Why do we say that the tensor product of vector spaces is commutative, but the tensor product of vectors is not?

Question

The Wikipedia article on the tensor product says

The tensor product of two vector spaces $V$ and $W$ is commutative in the sense that there is a canonical isomorphism V ⊗ W ≅ W ⊗ V that maps v ⊗ w to w ⊗ v.

On the other hand, even when $V = W$, the tensor product of vectors is not commutative; that is v ⊗ w ≠ w ⊗ v in general.

I've seen similar usage in other sources.

I'm a little confused by this usage of the word "commutative". It seems to me that the situations for the tensor product of vectors and for the tensor product of vector spaces are equivalent: in both cases, the tensor product in one order and the tensor product in the other order are not directly equal, but they are equivalent up to canonical isomorphism.

So why do we say that the tensor product of vectors is not commutative, but the tensor product of vector spaces is?

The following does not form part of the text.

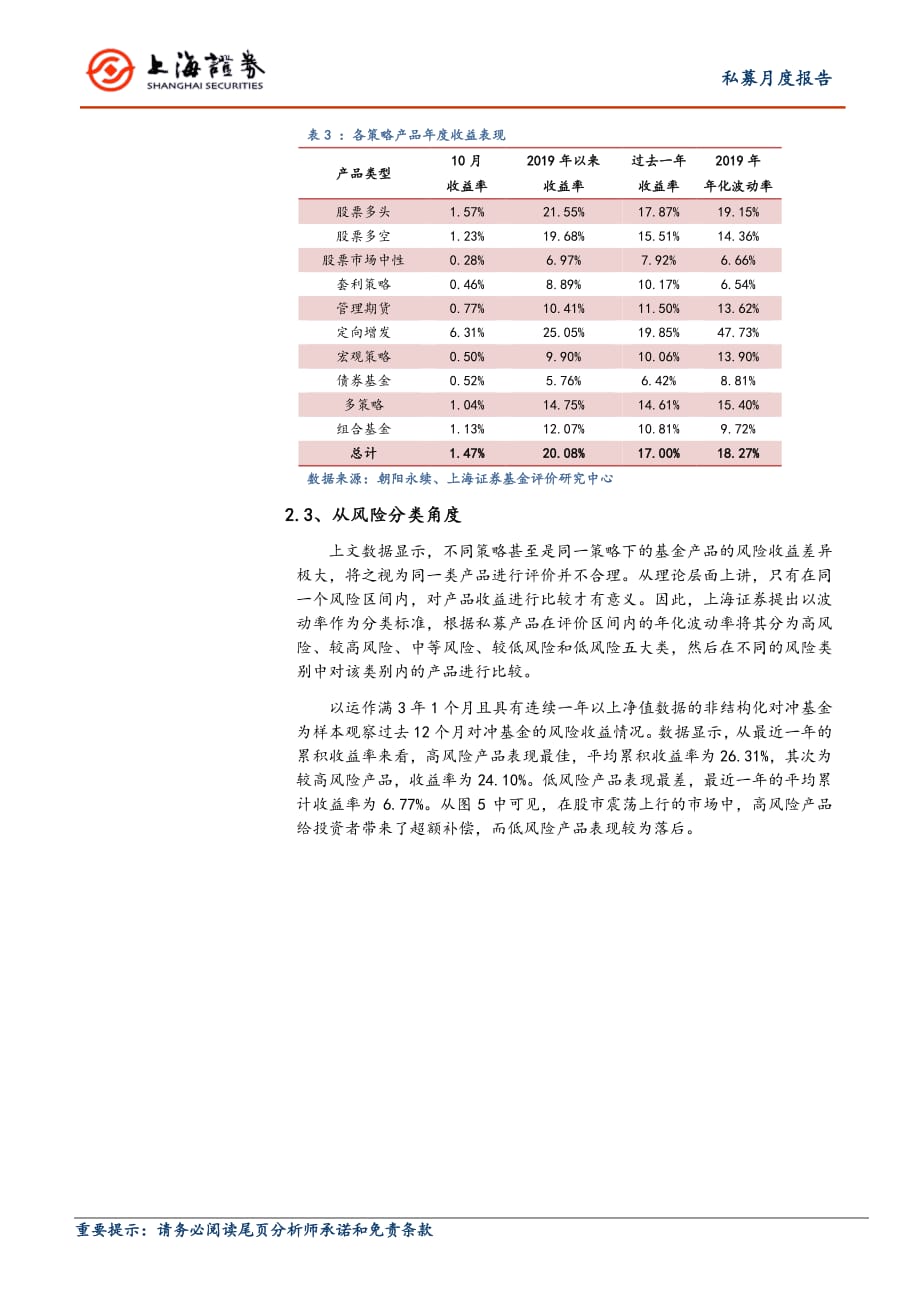 2019年10月对冲基金报告-10月私募收益率上行股票多头收益靠前_第4页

Doesn't consistency of terminology require that we either say that both operations are commutative, or neither is, depending on whether we are allowing equivalence up to canonical isomorphism?

It's possible that I'm reading too much into the distinction between "tensor product of vectors" and "tensor product of vector spaces" in the Wikipedia article's presentation, and the answer is simply that there's one sense in which both operations are commutative and another sense in which neither operation is.

Answer 1

For $v,w\in V,\ v\neq w$ the products $v\otimes w$ and $w\otimes v$ are two different elements of $V\otimes V$. It is true that there is an automorphism $f$ of $V\otimes V$ exchanging the factors, but even then we only have $v\otimes w=f(w\otimes v).$ There is no good sense in which this operation is commutative.

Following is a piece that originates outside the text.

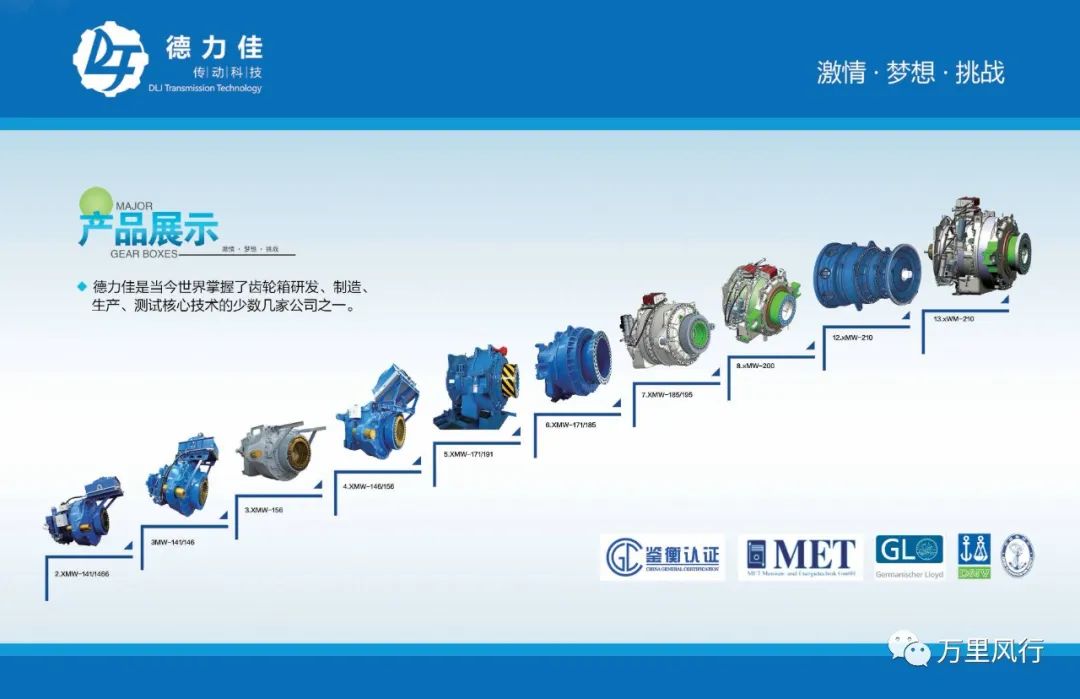 【政策精覽】近期新能源政策密集出臺，釋放哪些利好？一文看懂→ → →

On the other hand, for a pair abstract vector spaces, without something like a larger vector space containing them both, being canonically isomorphic is as close to being 'equal' as we can get.

I suppose your confusion stems from trying to interpret the above statement directly and treating $V\otimes W$ and $W\otimes V$ as equal, and hence treating expressions like $v\otimes w$ as elements of both of these spaces in the most literal way.

Answer 2

Upon further reflection, here's how I think about this. Warning: I'm coming at this from a physicist's perspective, and I suspect that mathematicians won't like this approach, but I think it's useful for physicists.

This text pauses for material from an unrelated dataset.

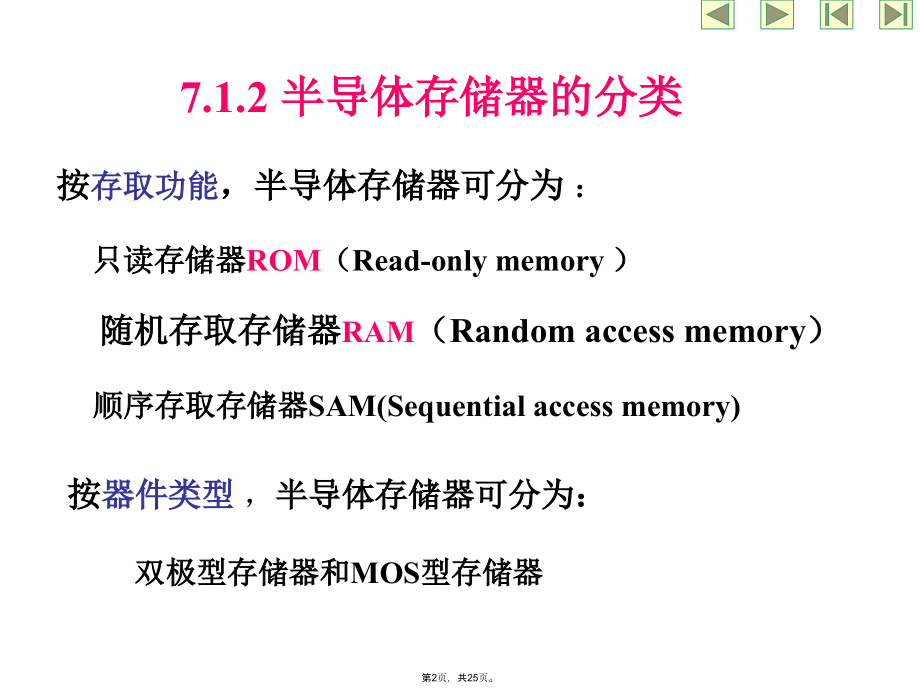 半导体存储器.pptx_第2页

The tensor product $V \otimes W$ of two vector spaces is best thought of as inputting two different vector spaces $V$ and $W$. They might happen to be isomorphic, but there's no canonical isomorphism between them; any such isomorphism would give additional algebraic structure beyond that of the tensor product itself.

So you shouldn't think about putting the exact same vector space $V$ into both slots of a tensor product. Instead, it's better to think of them as two different vector spaces - call them $V_A$ and $V_B$ - which might happen to be isomorphic, but can't be identically equal. Plugging the same vector space $V$ into both slots is essentially equivalent to specifying a canonical isomorphism between the two input spaces, but (as mentioned above) this is best thought of as imposing additional structure beyond that of the tensor product itself.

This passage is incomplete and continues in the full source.